Value *RdxStart = Phi->getIncomingValueForBlock(TheLoop->getLoopPreheader());
// ExitInstruction is the single value which is used outside the loop.
// We only allow for a single reduction value to be used outside the loop.
// This includes users of the reduction, variables (which form a cycle
// which ends in the phi node).
Instruction *ExitInstruction = nullptr;
// Indicates that we found a reduction operation in our scan.

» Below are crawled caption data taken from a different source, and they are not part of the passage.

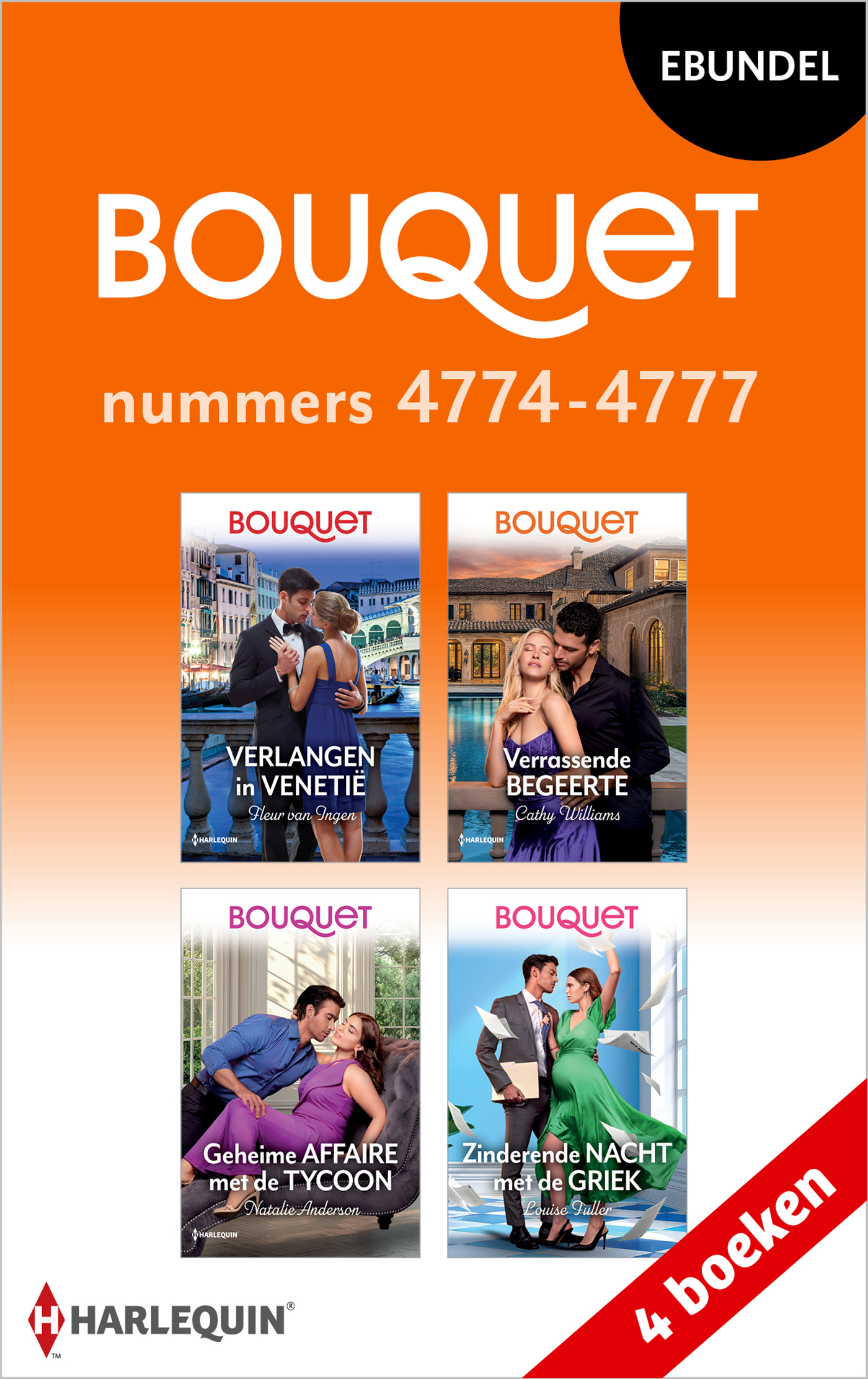 Omslag van Bouquet e-bundel nummers 4774 - 4777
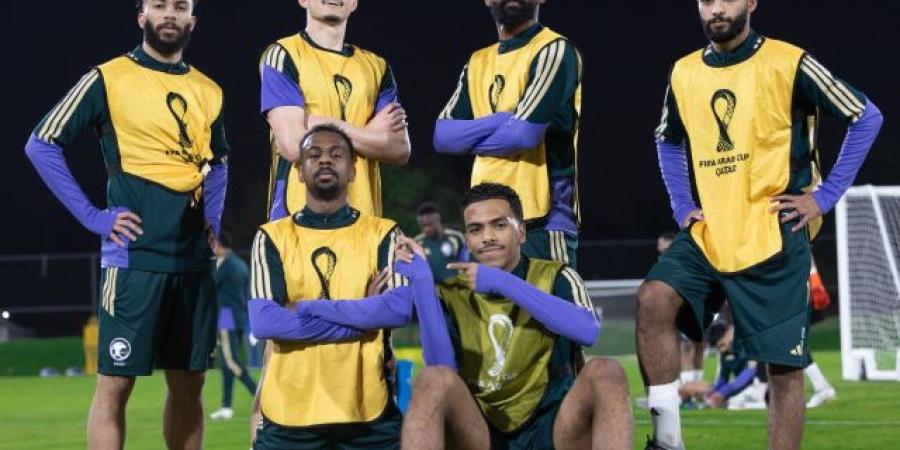 الأخضر يختتم تدريباته لمواجهة فلسطين في ربع نهائي كأس العرب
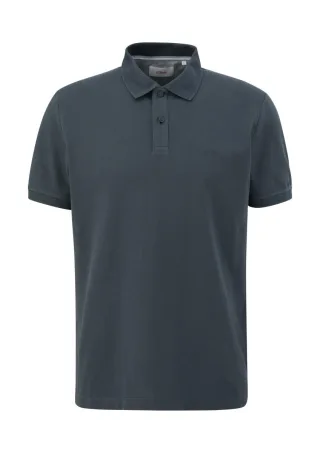 s.Oliver Red Label - Poloshirt aus Baumwolle grau - Gr. - 3XL
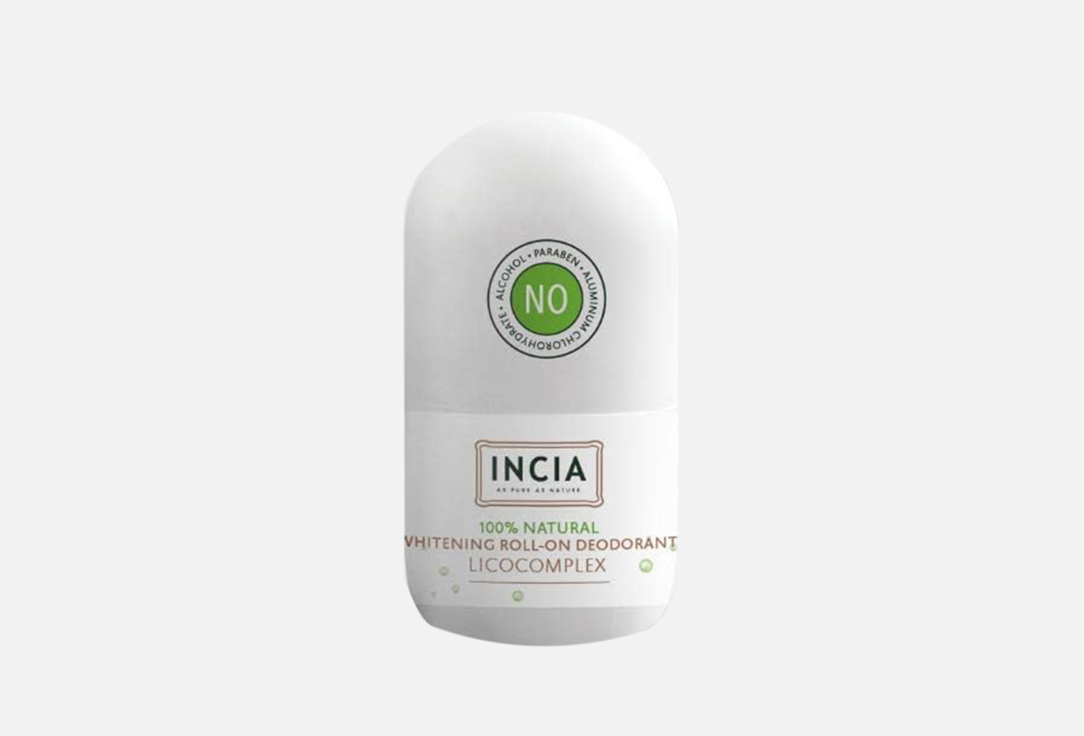 Roll-on deodorant for whitening INCIA 100% Natural 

bool FoundReduxOp = false;
// We start with the PHI node and scan for all of the users of this
// instruction. All users must be instructions that can be used as reduction
// variables (such as ADD). We must have a single out-of-block user. The cycle
// must include the original PHI.
bool FoundStartPHI = false;
// To recognize min/max patterns formed by a icmp select sequence, we store
// the number of instruction we saw from the recognized min/max pattern,
// to make sure we only see exactly the two instructions.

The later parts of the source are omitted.